The major commercial MAP liners (ViewFresh, Xtend, LifeSpan, Breatheway, Primpro, PEAKfresh, FreshLOK) with distinct technologies were obtained from the manufactures. Fruit of different cultivars were either obtained from packinghouses shortly after packing or harvested directly from the field and then packed into different MAP liners after pre-cooling. The concentrations of O2 and CO2 in MAP liners were determined every day in the first week then every 3-5 days until at the end of the tests. At 2, 4, and 6 weeks, 50 fruit were randomly selected from each box for determinations of respiration, FF, color, anthocyanin, SSC, TA, Vc, ethanol, and volatile-aroma compounds (GC-MS) immediately after cold storage and plus 2 days at 68°F. Fifty fruit were randomly selected for evaluations of pitting, splitting, stem quality, decay, and sensory evaluation. Experimental units were boxes and there were three replications per treatment at each evaluation period. The experimental design was completely randomized.

3. Postharvest Ca Application in hydro-cooling water

Ca solutions at 0, 0.2, 0.5, 1.0, and 2.0% were cooled to 32 °F before treatments. Fruit harvested at commercial maturity from MCAREC with fruit pulp temperature 70-80 °F were immediately hydro-cooled in the cold Ca solutions for 5 min to simulate the commercial hydro-cooling procedures. Fruit tissue Ca and Cl content (ICP-AES and Lachat Quikchem autoanalyzer methods, respectively), shipping quality (pitting, splitting), eating quality, nutracuetical values, and biochemical changes were evaluated after 2, 4, and 6 weeks of cold storage.

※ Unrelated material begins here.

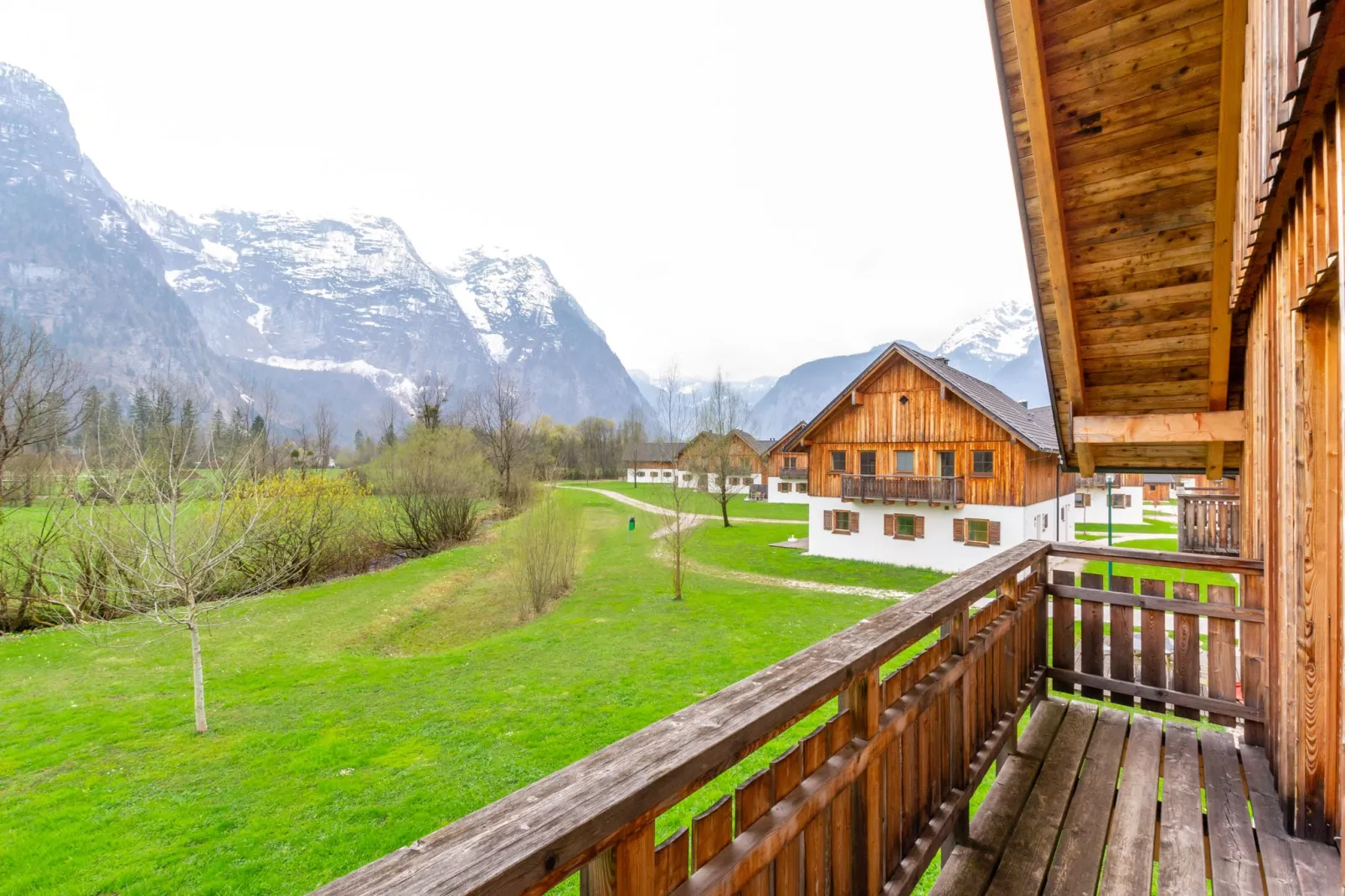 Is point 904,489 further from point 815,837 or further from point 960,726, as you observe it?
point 815,837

4. Postharvest Applications of edible coatings and GRAS Compounds

SemperfreshTM, Chitosan, Sodium alginate, Salicylic acid (SA), Oxalic acid (OA), Jasmonic acid (JA), Methyl Jasmonate (MeJA), ethanol, GA3, Homobrassinolide (HBR, a brassinosteriod) are applied postharvest on certain PNW cultivars.

Results and discussion

1. Respiration Dynamic

While respiration rate of cherry fruit was inhibited linearly by reduced O2 concentration from 21% to 3-4% at 68 °F, at 32 °F it was affected very little from 21% to ~10% but declined significantly from ~10% to ~1% for ‘Bing’, ‘Sweetheart’, and ‘Coral’ (Fig. 1). Estimated fermentation induction points determined by a specific increased RQ were ~1% and 3-4% O2 for all cultivars at 32 and 68 °F, respectively. As a consequence, the gas permeability of MAP has to be modified to reduce O2 between 10-5% at 32 °F within the package to inhibit cherry fruit respiration activity to maintain fruit quality (flavor) without anaerobic fermentation during commercial storage/shipping.

Fig. 1. Respiration dynamics of sweet cherries affected by O2, temperature, and cultivars.

2. MAP Technologies

1) Gas permeability of different MAP liners.

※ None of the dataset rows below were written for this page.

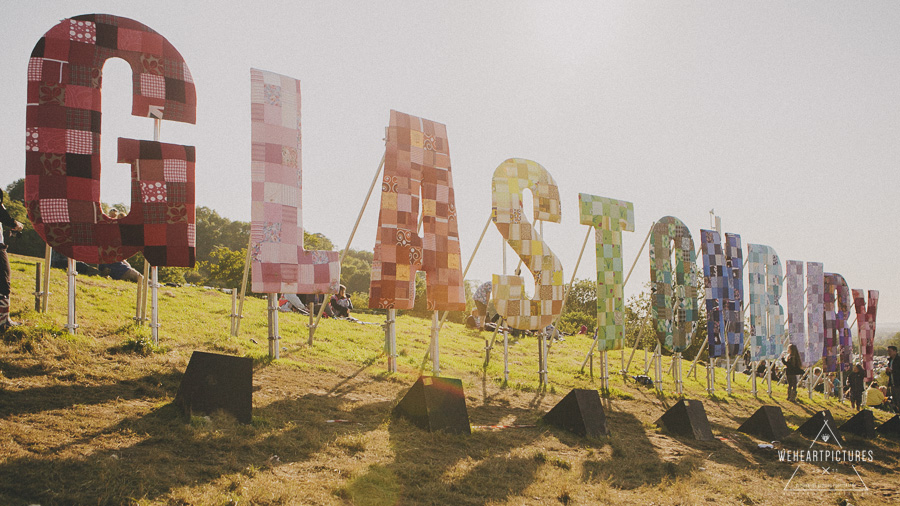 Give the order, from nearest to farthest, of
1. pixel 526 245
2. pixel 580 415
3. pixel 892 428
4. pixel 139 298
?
1. pixel 580 415
2. pixel 139 298
3. pixel 526 245
4. pixel 892 428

The seven commercial MAP liners used in sweet cherry industry generated extremely varied equilibrium O2 and CO2 concentrations for different cultivars at recommended shipping temperatures (Fig. 3). O2 ranged from 1-15% and CO2 ranged from 5 to 15% for ‘Bing’, ‘Lapins’, ‘Skeena’, ‘Regina’, ‘Sweetheart’, and ‘Coral’.

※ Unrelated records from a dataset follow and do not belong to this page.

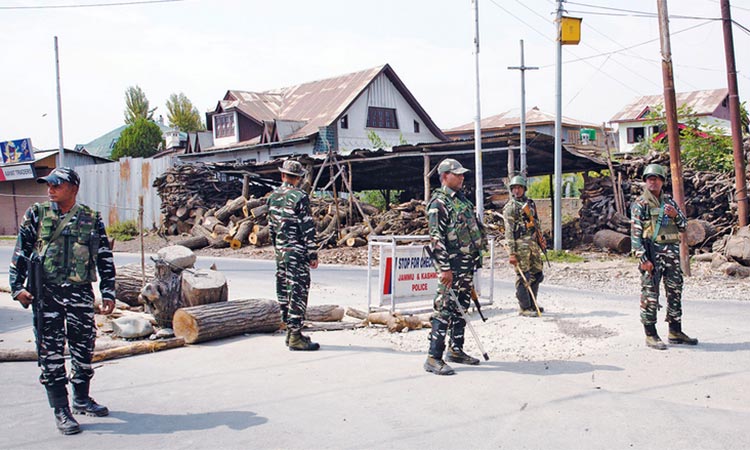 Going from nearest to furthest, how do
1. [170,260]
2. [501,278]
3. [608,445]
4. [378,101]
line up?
[608,445], [170,260], [501,278], [378,101]

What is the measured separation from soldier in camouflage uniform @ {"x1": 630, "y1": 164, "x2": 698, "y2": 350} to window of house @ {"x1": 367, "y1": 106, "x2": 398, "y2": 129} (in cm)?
3089

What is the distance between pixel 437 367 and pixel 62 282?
3251 millimetres

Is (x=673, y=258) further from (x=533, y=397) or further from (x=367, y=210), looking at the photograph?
(x=367, y=210)

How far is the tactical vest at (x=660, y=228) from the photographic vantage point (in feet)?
23.9

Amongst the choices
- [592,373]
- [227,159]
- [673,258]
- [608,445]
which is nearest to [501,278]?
[673,258]

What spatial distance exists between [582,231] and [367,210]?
728cm

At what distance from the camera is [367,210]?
80.6 ft

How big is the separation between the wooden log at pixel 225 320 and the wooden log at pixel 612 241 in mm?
13860

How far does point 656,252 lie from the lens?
7.30 m

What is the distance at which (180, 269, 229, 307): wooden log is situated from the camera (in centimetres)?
834

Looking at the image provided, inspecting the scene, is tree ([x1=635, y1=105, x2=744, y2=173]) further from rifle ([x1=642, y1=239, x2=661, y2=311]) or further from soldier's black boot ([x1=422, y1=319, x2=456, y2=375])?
soldier's black boot ([x1=422, y1=319, x2=456, y2=375])

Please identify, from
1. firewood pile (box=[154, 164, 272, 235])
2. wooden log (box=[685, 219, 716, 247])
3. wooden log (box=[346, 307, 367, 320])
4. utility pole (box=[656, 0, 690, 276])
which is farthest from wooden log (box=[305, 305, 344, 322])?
firewood pile (box=[154, 164, 272, 235])

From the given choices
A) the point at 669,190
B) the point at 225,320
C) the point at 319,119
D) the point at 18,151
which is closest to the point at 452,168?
the point at 225,320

Fig. 3. O2 and CO2 contents in different MAP liners for ‘Bing’, ‘Sweetheart’, and ‘Coral’ at 32°F.

2) Effect of elevated temperatures on O2 and CO2 in MAP liners and anaerobic fermentation.

Elevated transit temperatures from 32 to 41 °F reduced O2 significantly (Fig. 4) but did not change CO2 much in MAP liners. The equilibrium O2 in MAP4 and MAP5 were reduced from ~6% and 2% at 32 °F to ~3.5% and 0.5% at 41 °F for Sweetheart and Skeena, respectively (Fig. 4). At 36 °F, the equilibrium O2 was 4.5% and 1% in MAP4 and MAP5 during 2 weeks of cold storage and there was no significant accumulation of ethanol in ‘Sweetheart’ and Skeena after 2 weeks of cold storage (data not shown). At 41 °F, ethanol was accumulated significantly in ‘Sweetheart’ packed in MAP5 and Skeena packed in MAP4 and MAP5 (Fig. 4). Fermentation flavor was detected in the fruit with significant ethanol accumulation. In conclusion, MAP with appropriate gas permeability (i.e., 5-8% O2 for most of the cultivars and 8-10% O2 for Skeena) are suitable for commercial application to maintain flavor without damaging the fruit through fermentation, even if temperature fluctuations, common in commercial storage/shipping, do occur.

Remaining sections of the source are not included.